Things became more painful when the team had to respond to user-reported phishing attempts. While the team was grateful that employees were reporting suspicious emails, each report required manual investigation and personalized outreach with the results of that investigation. If something malicious was uncovered, a team member would need to go in and manually remove it from employees’ inboxes. IT team members would jump on incoming reports as they were received, but coordination across reports was a challenge. If ten employees reported a similar email, it was far too easy to duplicate investigative efforts, leading to wasted time on top of what was already a highly manual process.
The solution: Integrated, intelligent phishing protection
Robert knew there had to be a better approach to the age-old problem of phishing and after consulting with fellow IT and security practitioners, he learned about Material Security. Instead of addressing employee education and incident response in separate tools, Material combined the ability to instantly respond to potential phishing attacks with the ability to train users to recognize and use caution with suspicious emails. Material proactively blocks malicious email, plus it provides a better way to respond to user-reported phishing.
The feature that really stood out to Robert was the ability to apply a remediation as soon as an employee reported a potential phishing attempt. Unlike other tools which only offered the team a binary decision between malicious and safe, Material can apply an interstitial “speed bump” to help an email recipient pause and think before clicking on a link. Now, every time a Quora employee reports a potential phishing email, Material automatically groups similar emails so one employee’s attentiveness can translate into a more secure experience for everyone. Material also applies a “speed bump” remediation to user-reported phishing attempts, which replaces potential phishing links with a redirect to an interstitial page warning the employee that someone else has flagged the email as suspicious.
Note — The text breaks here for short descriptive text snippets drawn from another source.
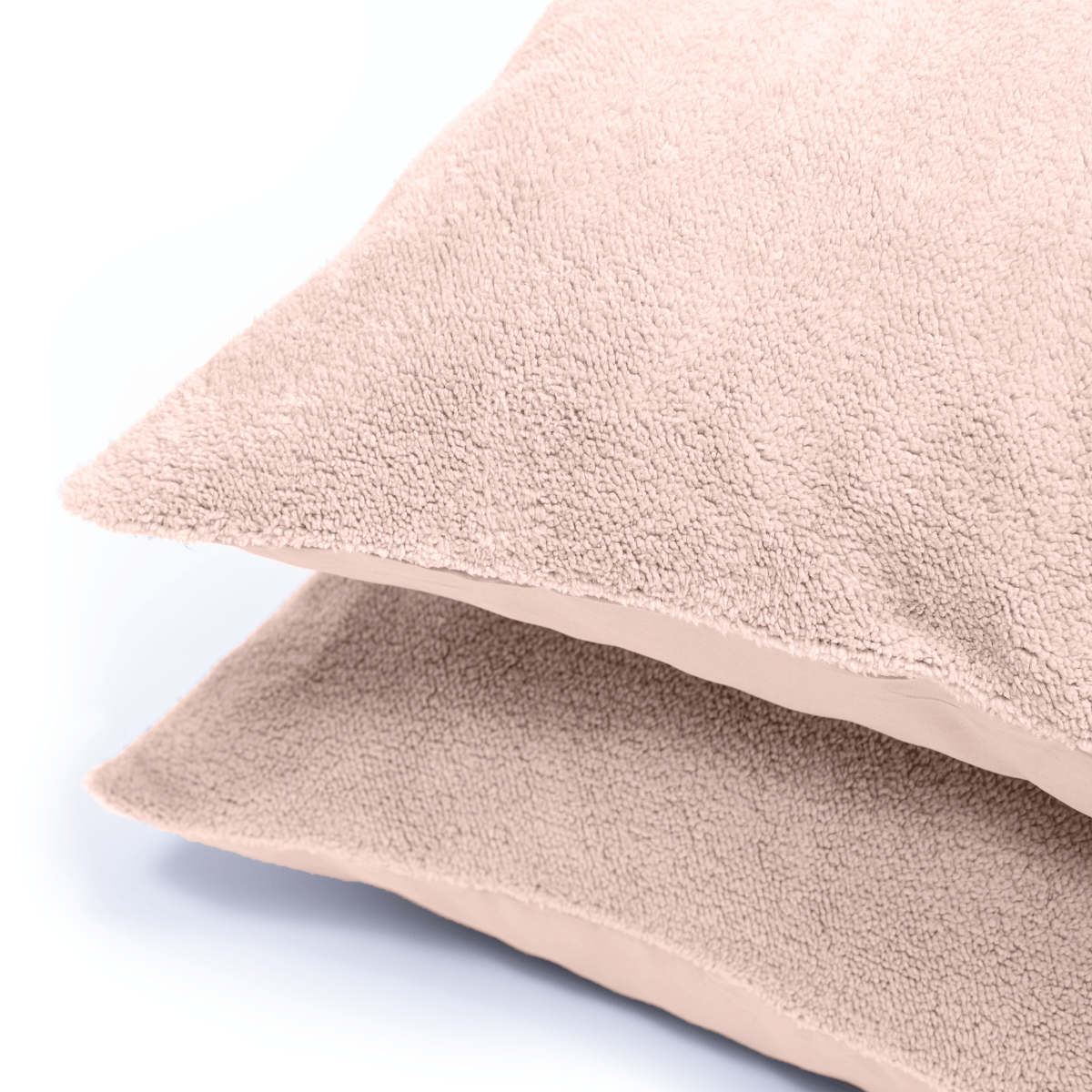 Ensemble de 2 taies d'oreiller Zelesta Teddy - Rose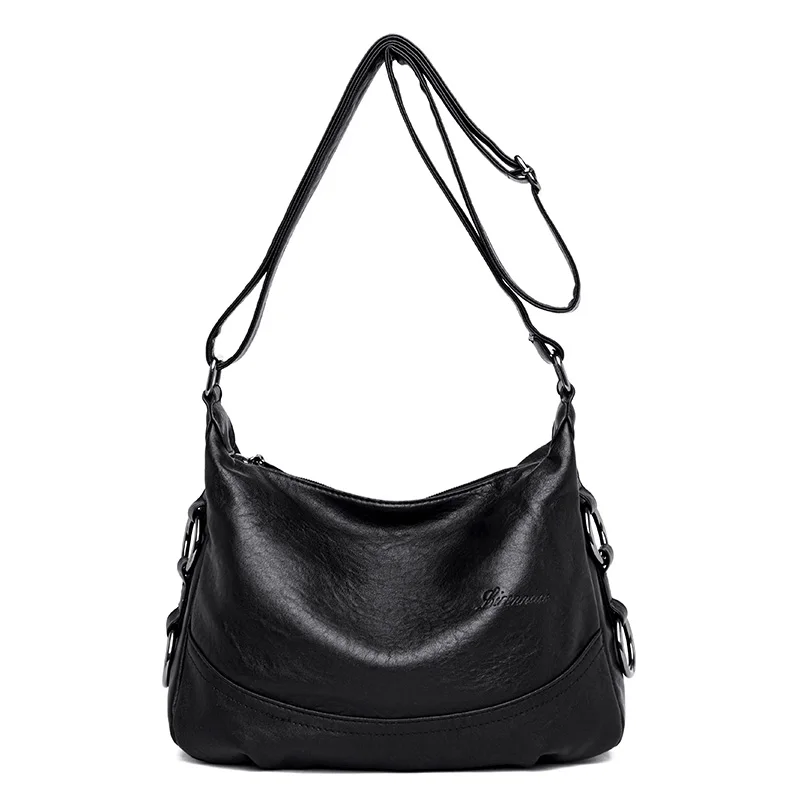 Large capacity solid color PU leather women trapeze casual hobo bag with crossbody belt, Customized color
Large capacity solid color PU leather women trapeze casual hobo bag with crossbody belt, Customized color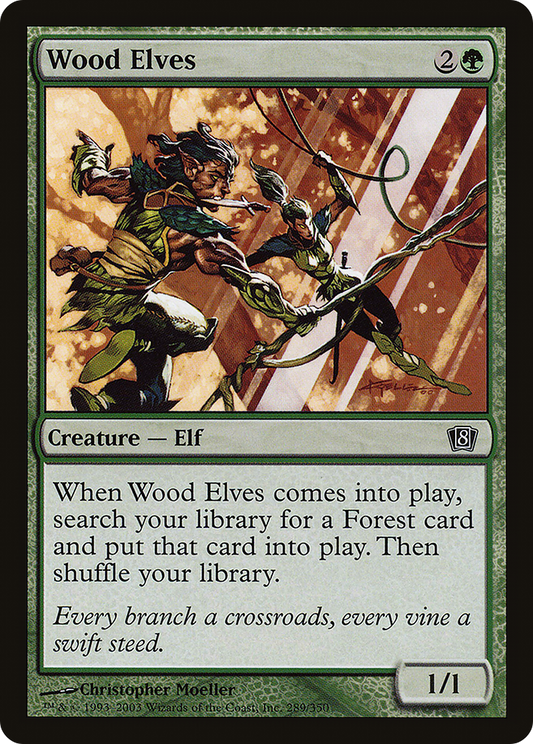 Wood Elves (8ED-289★) - Eighth Edition Foil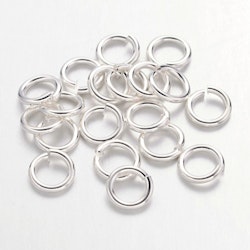 REA: Silverfärgade bindringar 4 mm, ca 1000 st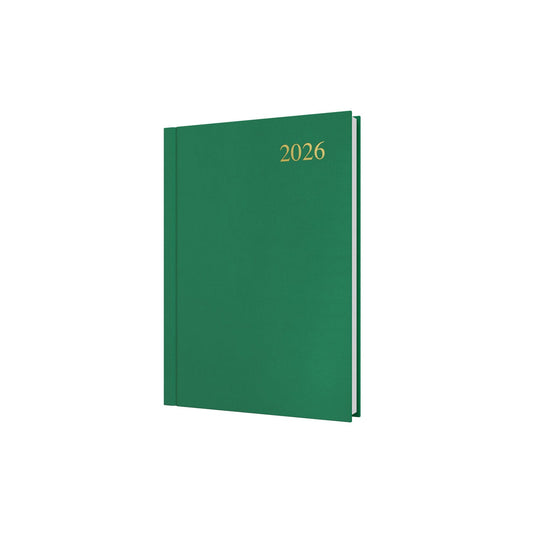 Essential - A5 Day-to-Page Diary - 2026 Calendar Year Planner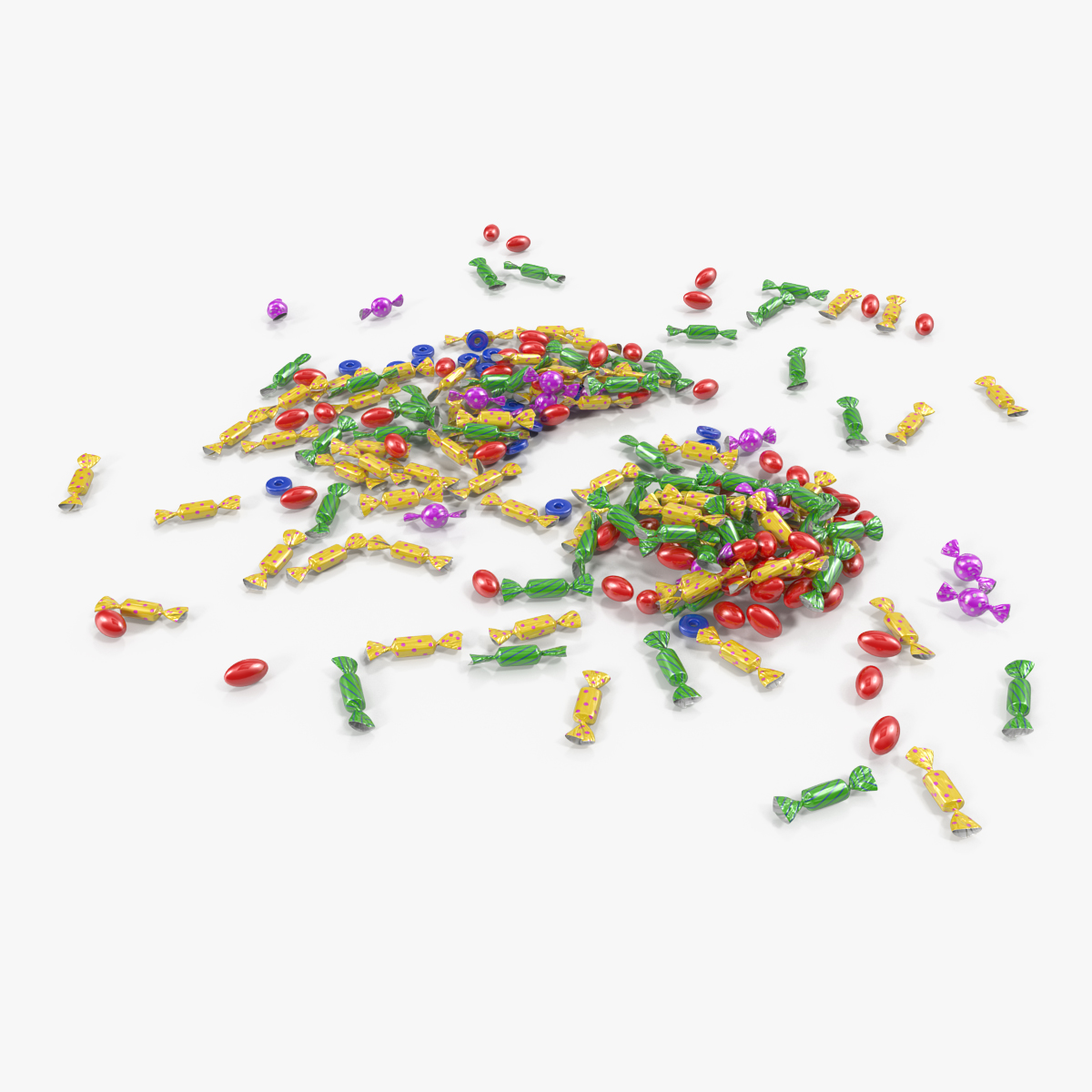 3D Mixed Candy Pile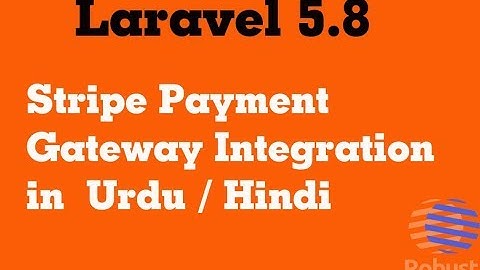 Laravel 5.8 Stripe Payment Gateway Integration in Urdu / Hindi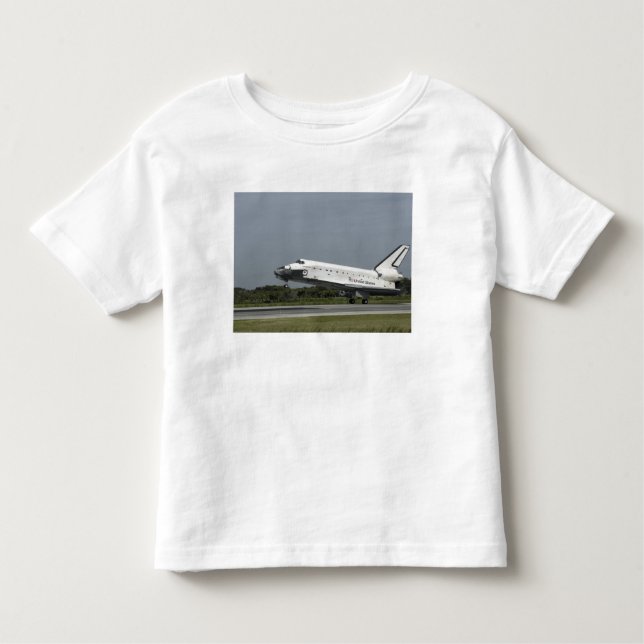 Space Shuttle Endeavour Touchs nach unten Kleinkind T-shirt (Vorderseite)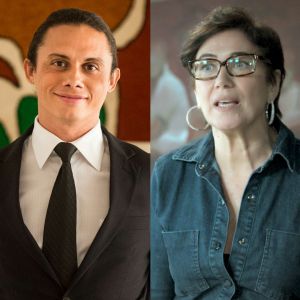Nonato (Silvero Pereira) ajuda Silvana (Lilia Cabral) a enganar o marido, na novela 'A Força do Querer', em julho de 2017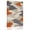 Orange, variant on Canvas Wall Art, Yellow Abstract Framed Canvas Prints for Bathroom Desk, Boho Retro Zigzag Ikat Wave Modern Small Gallery Wrapped Wall Decor for Home Office, Gifts, 8"x8" Ship Next Day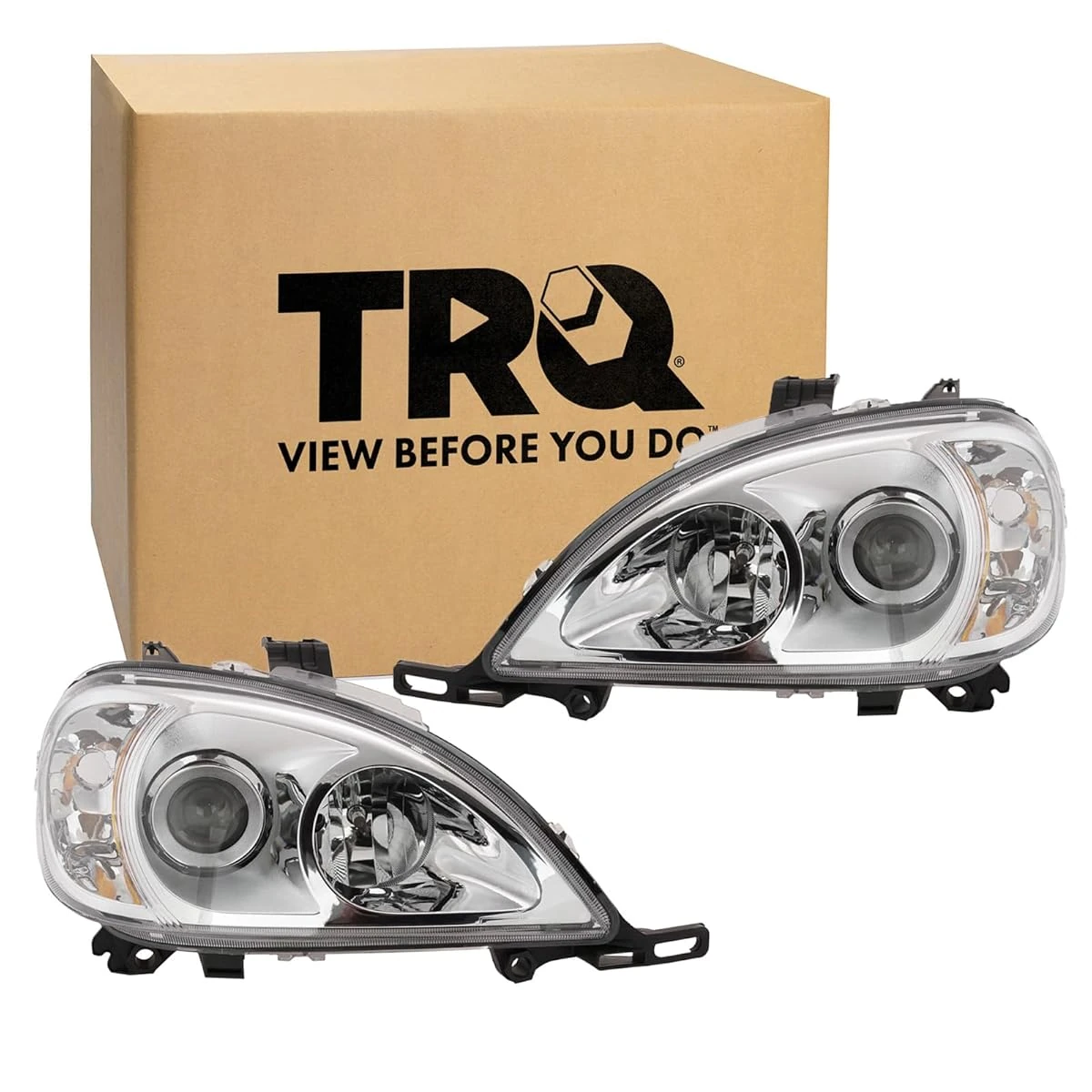 TRQ 2 Piece Headlight Assembly Set Driver   Passen awhd ca b0dqcbdt4x 1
“That speed bump was a huge deal, because before Material we only had the ability to flag an email as phishing or not phishing,” says Robert. “And now there's a way to alert people to be careful because somebody thinks this might be dangerous, without just blocking delivery. I don't know of any other phishing product with that flexibility.”
The results: Improved efficiency and education
Today, employees at Quora have a simple process for reporting phishing that’s equally simple when it comes to IT team responsiveness. With a single click, one eagle-eyed employee protects the entire company.
“We have employees who report phishing attempts pretty regularly, and the team can go beyond saying ‘good call out,’” says Robert. “We like reminding people that when they report phishing, everybody gets the warning right away. They don't need to wait for somebody in IT to take action.”
And when IT does conduct an investigation, the process is much smoother. Because of Material’s similarity matching capabilities, multiple phishing reports are grouped together. Plus, Material accurately identifies the bulk of malicious email, so the number of investigations is lower. The days of scrambling to jump on phishing reports only to wind up doing duplicative work are over. The team has cut down on manual work and runs more efficiently as a result.
As an added bonus Material gamifies the experience of phishing. Instead of just flagging an email and having it go into the IT team’s queue, there’s the instant satisfaction of knowing that Material has kicked in to provide company-wide protection. Robert and his team have less manual work and a more effective approach to fighting phishing:
“The best thing about the phishing features in Material Security is I haven't had to do anything like a phishing campaign. I've loved the interactivity of it all.”